**Raw data:**
********************

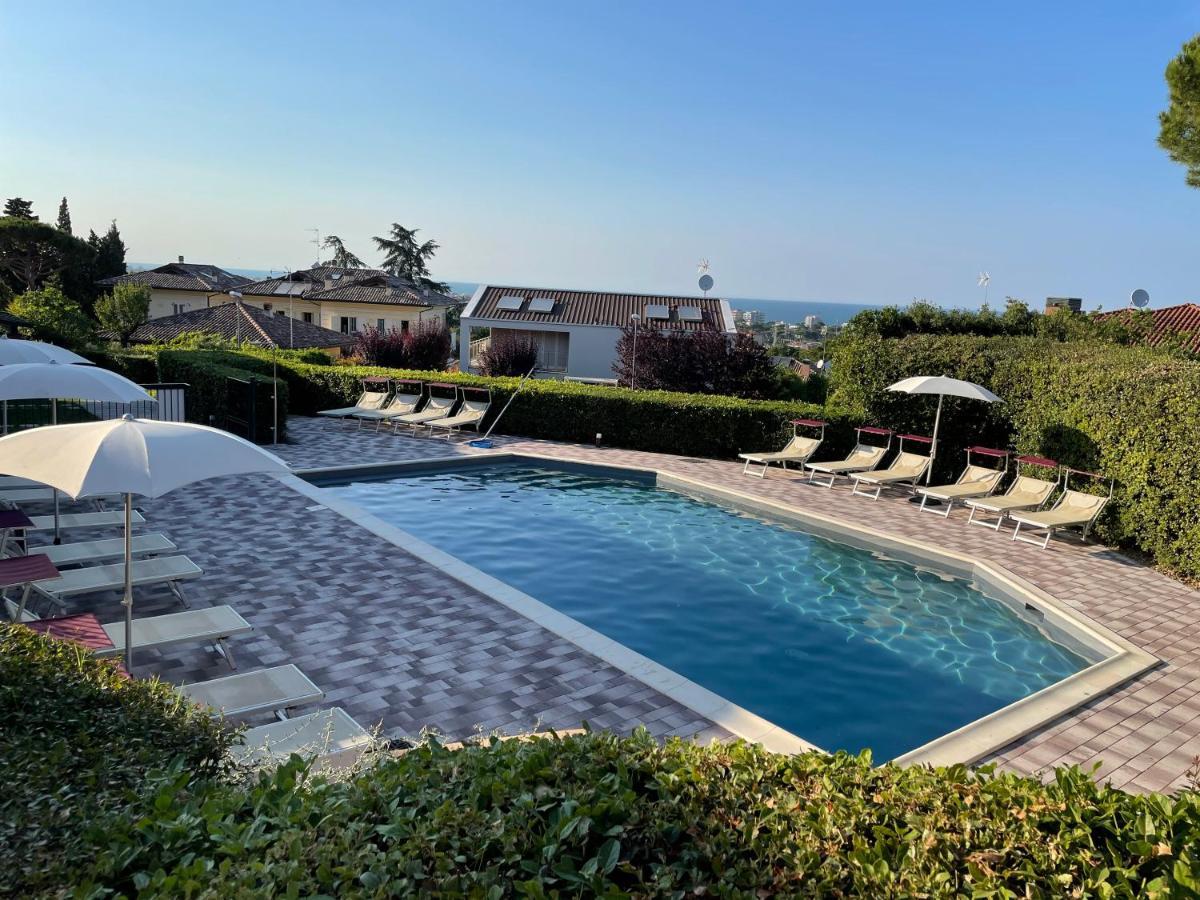 Residenze Al Colle Dei Pini Aparthotel Riccione Buitenkant foto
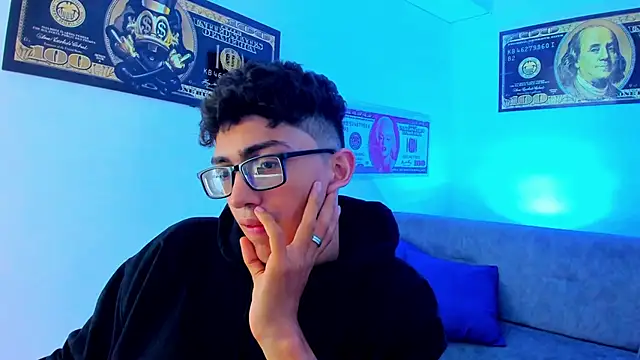 TylerWhite  online show from 01-14-25, 06:34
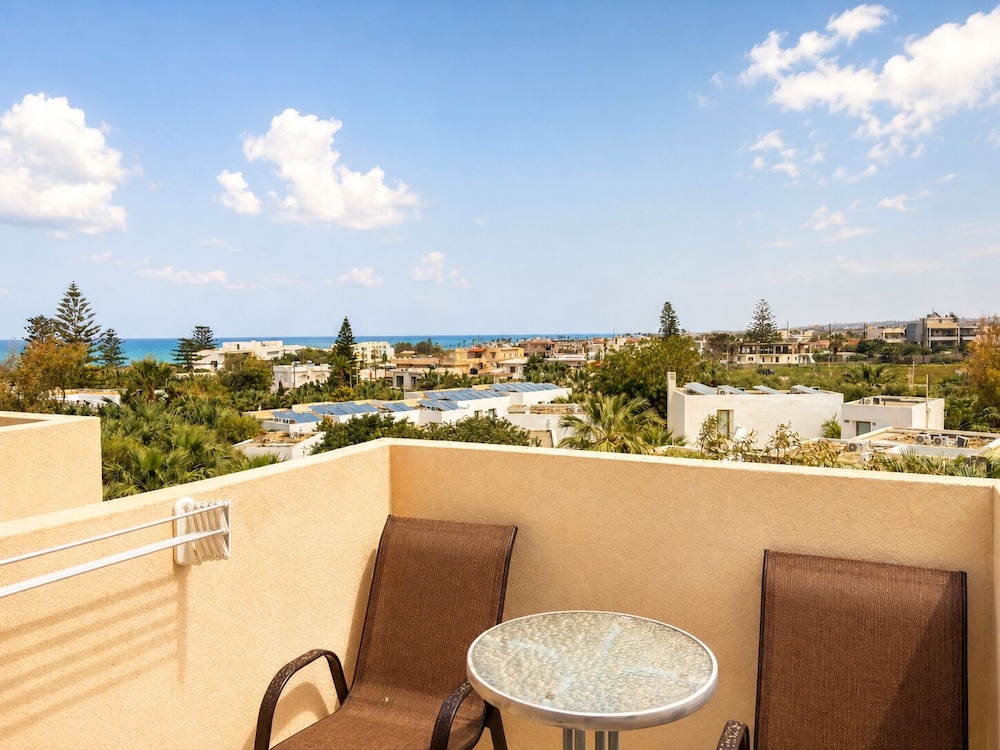 ST. CONSTANTIN SEA HOTEL AND SPA RESORT 38/50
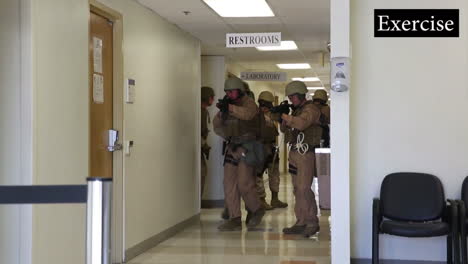 Us-Troops-Practice-For-A-Mass-Shooting-Incident-At-A-School-Or-College-Campus-4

********************

**Exercise requirements:** Write out the whole listing above exactly, minus images.

**Answer area:**
 Residenze Al Colle Dei Pini Aparthotel Riccione Buitenkant foto
 TylerWhite  online show from 01-14-25, 06:34
 ST. CONSTANTIN SEA HOTEL AND SPA RESORT 38/50
 Us-Troops-Practice-For-A-Mass-Shooting-Incident-At-A-School-Or-College-Campus-4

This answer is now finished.